Task statement: From the entries below, output the line with "Discover the Untold" and each following line up to and including the line with "jogos365 game mais image", exactly as written.

Exercise data:
::::
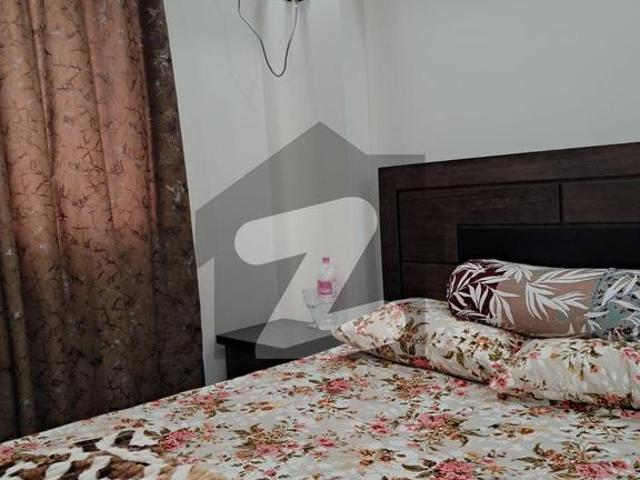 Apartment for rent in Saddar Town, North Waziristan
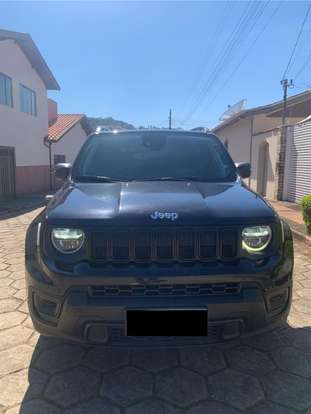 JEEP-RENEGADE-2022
::::
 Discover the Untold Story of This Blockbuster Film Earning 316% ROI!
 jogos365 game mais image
::::
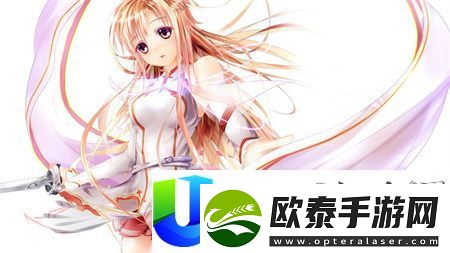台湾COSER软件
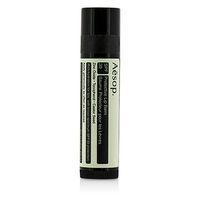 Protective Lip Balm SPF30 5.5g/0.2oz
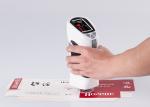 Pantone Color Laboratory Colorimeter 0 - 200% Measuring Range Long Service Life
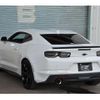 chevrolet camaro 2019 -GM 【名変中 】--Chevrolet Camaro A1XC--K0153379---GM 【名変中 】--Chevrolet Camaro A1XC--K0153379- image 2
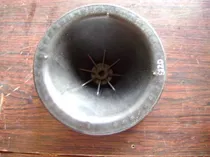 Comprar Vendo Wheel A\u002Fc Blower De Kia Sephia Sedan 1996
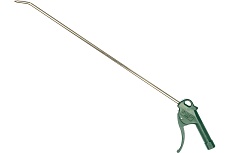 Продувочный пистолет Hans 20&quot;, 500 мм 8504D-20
::::
Result of the task:
 Discover the Untold Story of This Blockbuster Film Earning 316% ROI!
 jogos365 game mais image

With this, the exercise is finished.